Solr full refresh doesn't clear the index - solr

I'm having an issue where Solr won't clear the index during a full import.
All of the servers run Solr 3.4, the configuration is as vanilla as it can be.
I tried this on our development environment and on an instance on my own computer, and received similar results.
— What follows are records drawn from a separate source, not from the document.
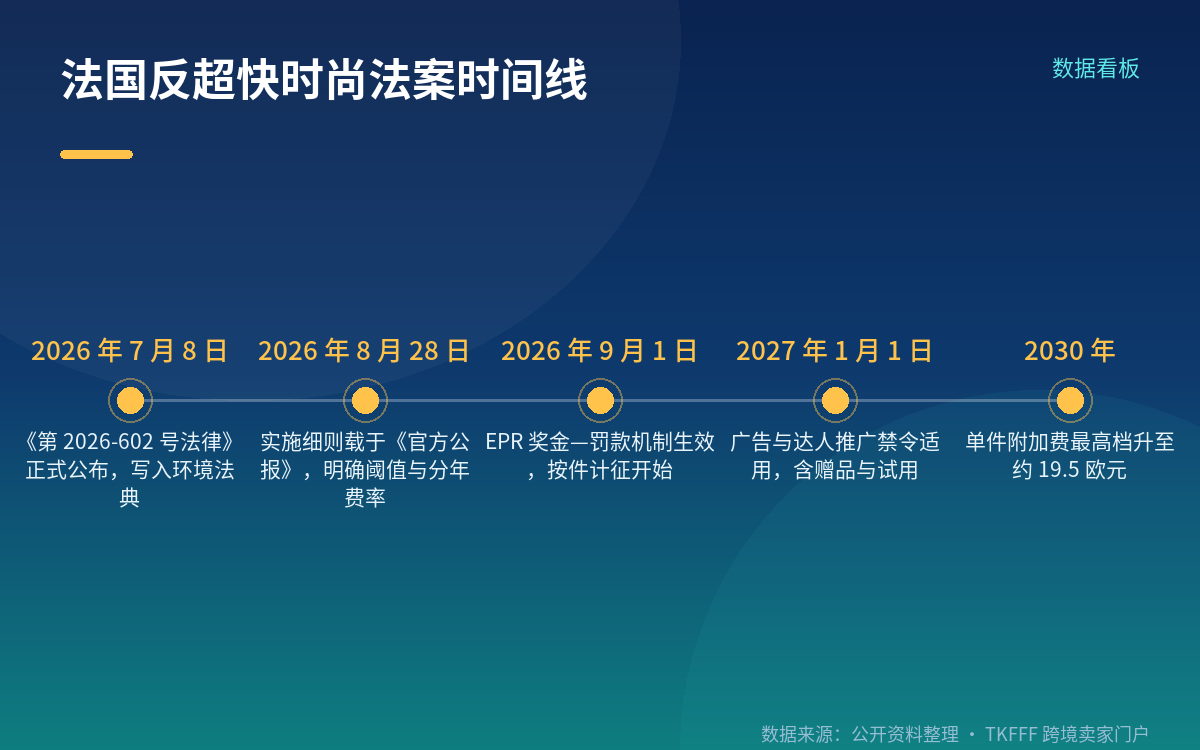 2026 年费率:内衣 0.5 欧、T 恤 2 欧、牛仔裤 9 欧、外套 12 欧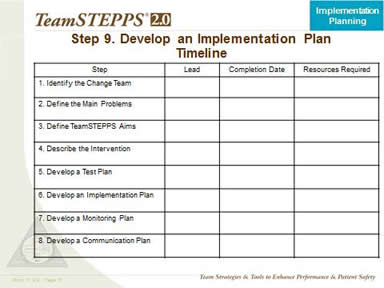 Step 9. Develop A TeamSTEPPS Implementation Plan Timeline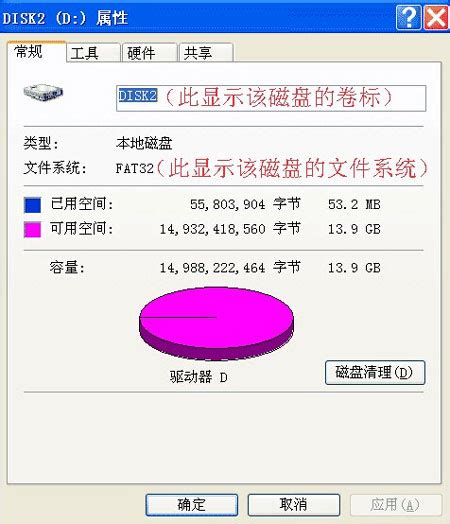 fat32 ntfs有什么不同 FAT32和NTFS的区别-Paragon中文官网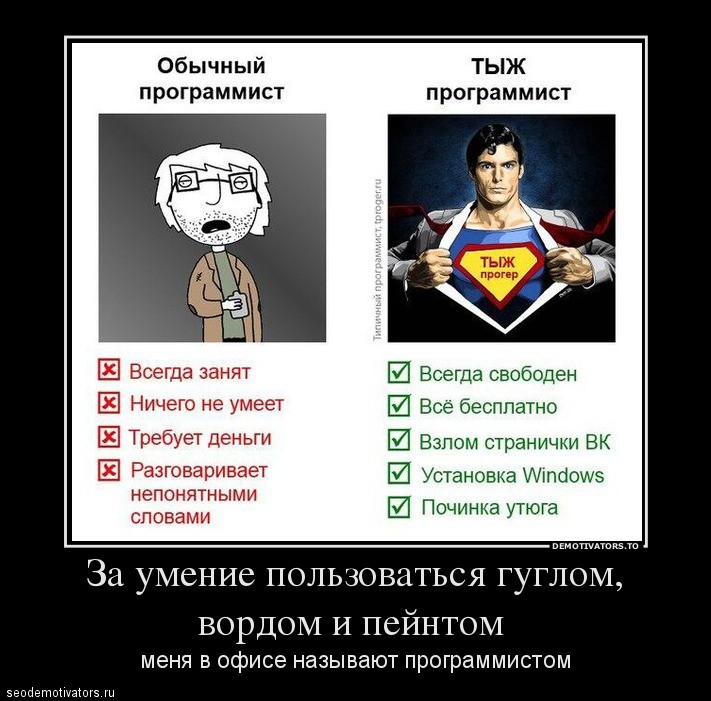 ты . программист. За умение пользоваться гуглом, вордом и пейнтом меня в офисе называют программистом.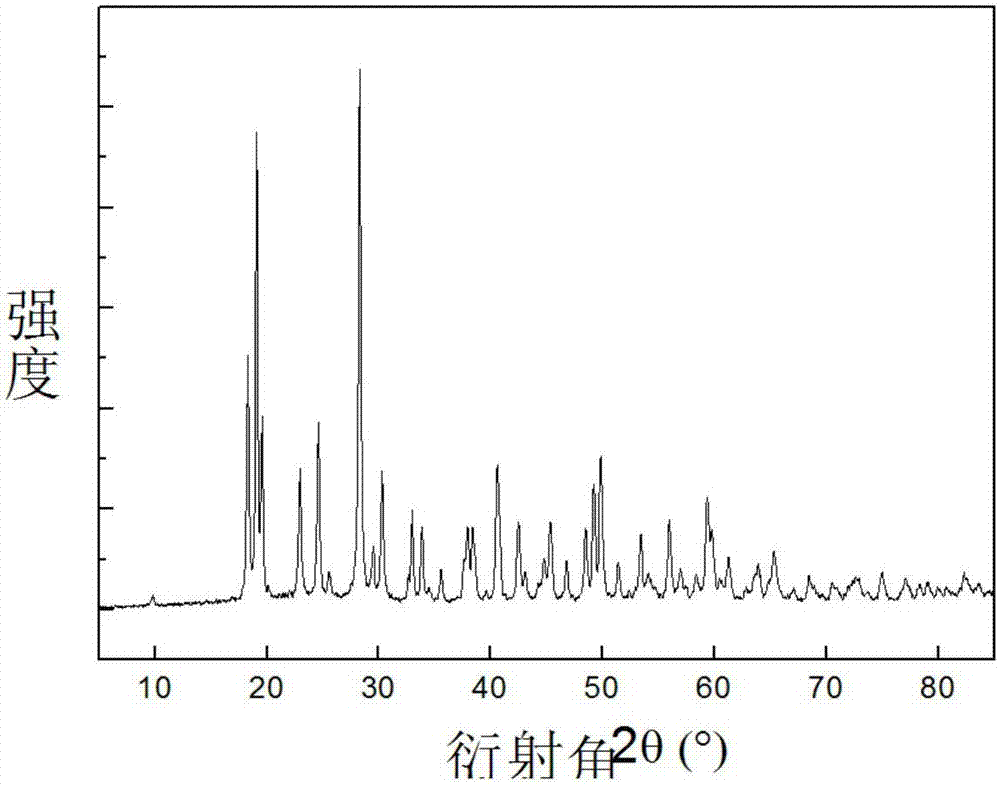 Mn&lt;4+&gt;-activated oxyfluoride red phosphor and preparation method thereof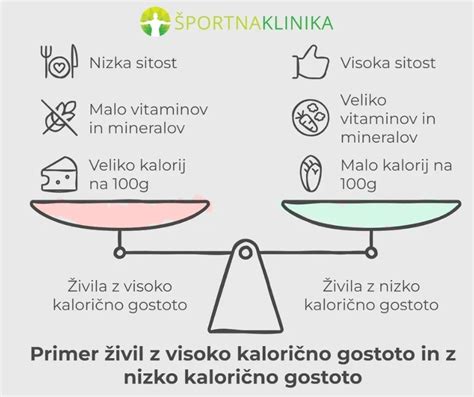 Infografika, ki prikazuje živila z visoko in nizko vsebnostjo joda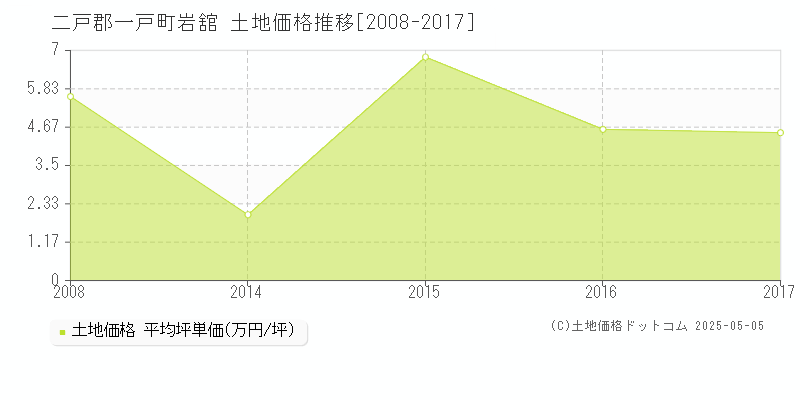 岩舘(二戸郡一戸町)の土地価格推移グラフ(坪単価)[2008-2017年]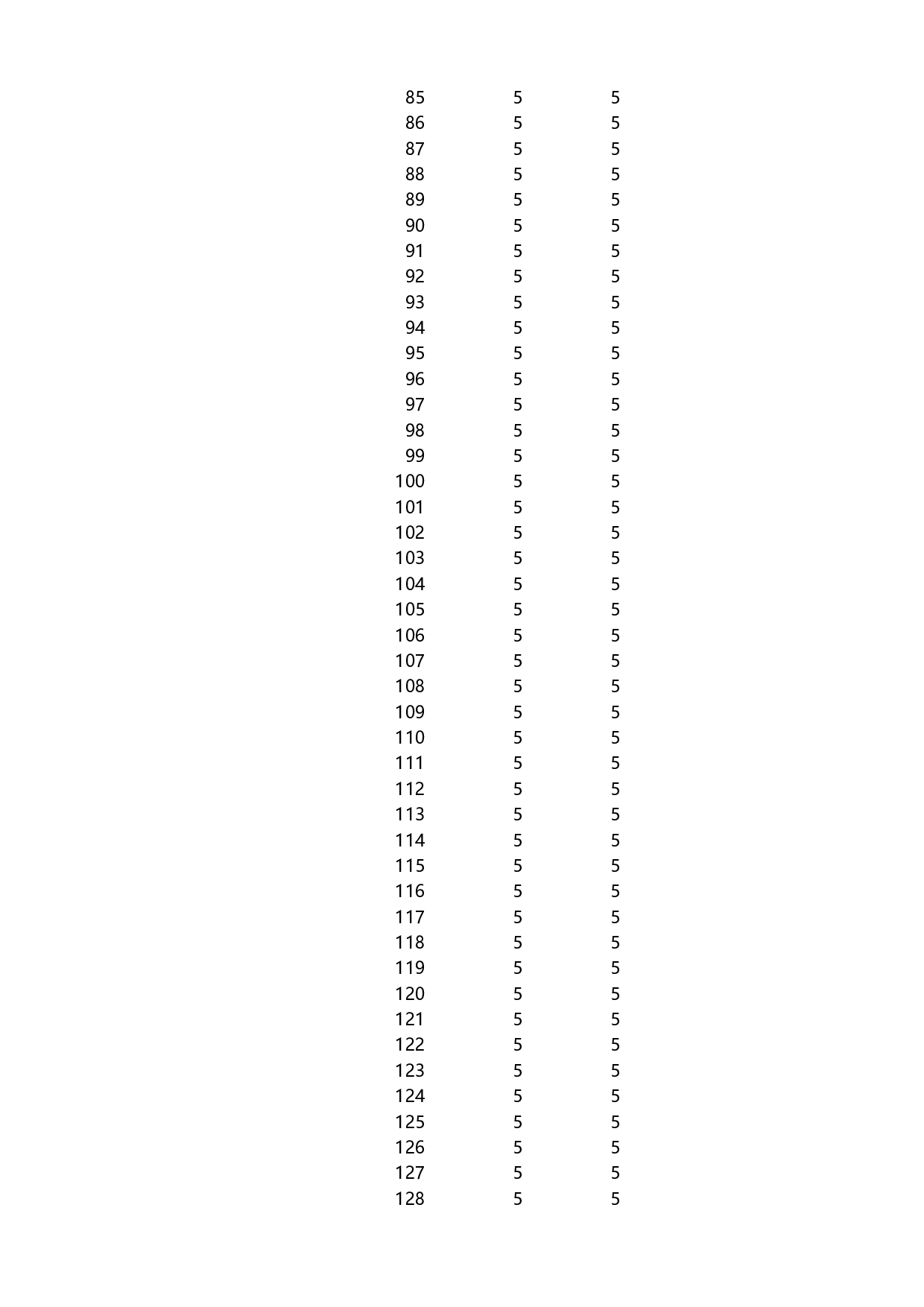可视化表格编号 (193)111111.xlsx 第3页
The schema is rather simple, these are the salient points:
<schema name="System" version="1.4">
...
</types>
<fieldType name="string" class="solr.StrField" sortMissingLast="true" omitNorms="true" />
<fieldType name="long" class="solr.TrieLongField" precisionStep="0" omitNorms="true" positionIncrementGap="0" />
<fieldType name="date" class="solr.TrieDateField" omitNorms="true" precisionStep="0" positionIncrementGap="0" />
<fieldType name="documentKey" class="solr.TextField">
<analyzer type="index">
<tokenizer class="solr.KeywordTokenizerFactory"/>
</analyzer>
<analyzer type="query">
<tokenizer class="solr.KeywordTokenizerFactory"/>
</analyzer>
</fieldType>
</types>
<fields>
<field name="document_id" type="documentKey" indexed="true" stored="true" required="true" />
<field name="entity_id" type="long" indexed="true" stored="true" required="true" />
<field name="name" type="string" indexed="true" stored="true" required="true" />
<field name="entity_type" type="string" indexed="true" stored="true" required="false" />
<field name="Timestamp" type="date" indexed="true" stored="true" default="NOW" multiValued="false"/>
</fields>
</schema>
Of note:
- The document_id field is calculated in the materialized view which is used to populate the index, and is a combination of other fields not in this index, but is indipendent of the entity_id. It's unique.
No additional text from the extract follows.